Significant Contribution of Mouse Mast Cell Protease 4 in Early Phases of Experimental Autoimmune Encephalomyelitis

1Department of Pharmacology, Medical School, Université de Sherbrooke, 3001 12th Avenue North, Sherbrooke, QC, Canada J1H 5N4
2Department of Pediatrics, Program of Immunology and Allergology, Medical School, Université de Sherbrooke, 3001 12th Avenue North, Sherbrooke, QC, Canada J1H 5N4
3Department of Medical Biochemistry and Microbiology, Uppsala University BMC, Box 582, 75123 Uppsala, Sweden
4Department of Anatomy, Physiology and Biochemistry, Swedish University of Agricultural Sciences, P.O. Box 7070, 75007 Uppsala, Sweden

Received 20 March 2016; Revised 13 June 2016; Accepted 21 July 2016

Academic Editor: Sandra Helena Penha Oliveira

Copyright © 2016 Louisane Desbiens et al. This is an open access article distributed under the Creative Commons Attribution License, which permits unrestricted use, distribution, and reproduction in any medium, provided the original work is properly cited.

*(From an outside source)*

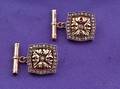 Diamond and Enamel Cuff Links Russia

Experimental autoimmune encephalomyelitis (EAE) is a mouse model that reproduces cardinal signs of clinical, histopathological, and immunological features found in Multiple Sclerosis (MS). Mast cells are suggested to be involved in the main inflammatory phases occurring during EAE development, possibly by secreting several autacoids and proteases. Among the latter, the chymase mouse mast cell protease 4 (mMCP-4) can contribute to the inflammatory response by producing endothelin-1 (ET-1). The aim of this study was to determine the impact of mMCP-4 on acute inflammatory stages in EAE. C57BL/6 wild type (WT) or mMCP-4 knockout (KO) mice were immunized with plus complete Freund’s adjuvant followed by pertussis toxin. Immunized WT mice presented an initial acute phase characterized by progressive increases in clinical score, which were significantly reduced in mMCP-4 KO mice. In addition, higher levels of spinal myelin were found in mMCP-4 KO as compared with WT mice. Finally, whereas EAE triggered significant increases in brain levels of mMCP-4 mRNA and immunoreactive ET-1 in WT mice, the latter peptide was reduced to basal levels in mMCP-4 KO congeners. Together, the present study supports a role for mMCP-4 in the early inflammatory phases of the disease in a mouse model of MS.